= Mont-Blanc (department) =

Administrative division of the First French Empire

Location of Mont-Blanc in France (1812)

Mont-Blanc (/fr/) was a department of the First French Empire. It was named after Mont Blanc, the highest mountain in Western Europe, which marks the border between France and Piedmont. It was formed in 1792, when the Savoy region (part of the Kingdom of Sardinia) was occupied by the French. The department ceased to exist following Napoleon's defeat at Waterloo; the territory was restored to its former rulers. Its prefecture was Chambéry.

Map of the department of Mont-Blanc (1800)

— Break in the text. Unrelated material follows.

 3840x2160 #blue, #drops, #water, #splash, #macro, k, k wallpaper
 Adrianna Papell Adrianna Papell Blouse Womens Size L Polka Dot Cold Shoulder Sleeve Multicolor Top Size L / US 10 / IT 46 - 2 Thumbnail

On 17 February 1800, five cantons (Chamonix, Saint-Gervais, Megève, Flumet and Sallanches) including the Mont Blanc were transferred to the neighbouring Léman department. This meant that although the Mont-Blanc department kept its name, its namesake fell outside its territory. A similar situation exists nowadays with the Var department in Southern France.

==Chronology==
During the night of 21 September 1792, French troops under General Moutesquiou launched a surprise attack on the Duchy of Savoy, which at the time was a dependent territory of the Kingdom of Sardinia. The king, who was in residence at Chambéry, accompanied by his army, numerous administrators and clergy, fled across the Alps to his Piedmontese lands.

At the end of October, the so-called Assembly of the Allobroges (who named themselves after an ancient people thought to have occupied the region two thousand years earlier) convened in the cathedral at Chambéry. Their agenda followed the revolutionary script that by now was becoming familiar across France, as they declared an end to despotism, forced labour and the hated salt tax. The meeting was dissolved on 29 October 1792, but not before passing a resolution expressing the wish for the Duchy of Savoy to be incorporated into revolutionary France. Two deputies, named François Amédée Doppet and Simond, were mandated to convey this wish to the revolutionary National Convention in Paris.

The next month, on 27 November 1792, the Savoyards became, for the next 23 years, French citizens, by means of the Decree covering the joining of Savoy to France. This document also created the department of Mont-Blanc.

In 1798, after the French took Geneva, the northern part of the department of Mont-Blanc was transferred to the new department of Léman. After the first defeat of Napoleon Bonaparte in 1814, France lost Geneva. The formerly French department of Léman disappeared; the department of Mont-Blanc seems to have been restored with approximately the borders established in 1792.

Although the department remained French territory under the terms of the 1814 Treaty of Paris, harsher terms were imposed on France after Napoleon's escape from his Elban exile; indeed, under the 1815 Treaty of Paris the territory covered by the department of Mont-Blanc was returned to its former rulers, integrated back into the Kingdom of Sardinia.

A little less than half a century later, under the terms of the Treaty of Turin, Savoy was reintegrated into France as part of a deal between the leaders of the French government and the Piedmontese government, this being the price of French support for the unification of Italy under Piedmontese leadership. However, the department of Mont-Blanc was not reinstated. Instead, the territory that it had formerly covered was divided between the newly created departments of Savoie and Haute-Savoie (partly).

==Administration==
The capital of the department of Mont-Blanc was Chambéry. The department was subdivided into the following arrondissements and cantons (situation in 1812):

- Chambéry, cantons: Aix, La Biolle, Chambéry (2 cantons), Le Châtelard, Les Échelles, L'Hôpital, Montmélian, Novalaise, Le Pont-de-Beauvoisin, La Rochette, Ruffieux, Saint-Genix, Saint-Pierre-d'Albigny and Yenne.
- Annecy, cantons: Annecy (2 cantons), Faverges, Rumilly and Thônes.
- Moûtiers, cantons: Beaufort, Bourg-Saint-Maurice, Conflans and Moûtiers (2 cantons).
- Saint-Jean-de-Maurienne, cantons: Aiguebelle, La Chambre, Lanslebourg, Modane, Saint-Étienne-de-Cuines, Saint-Jean-de-Maurienne (2 cantons) and Saint-Michel.

Its population in 1812 was 300,239, and its area was 640,427 hectares.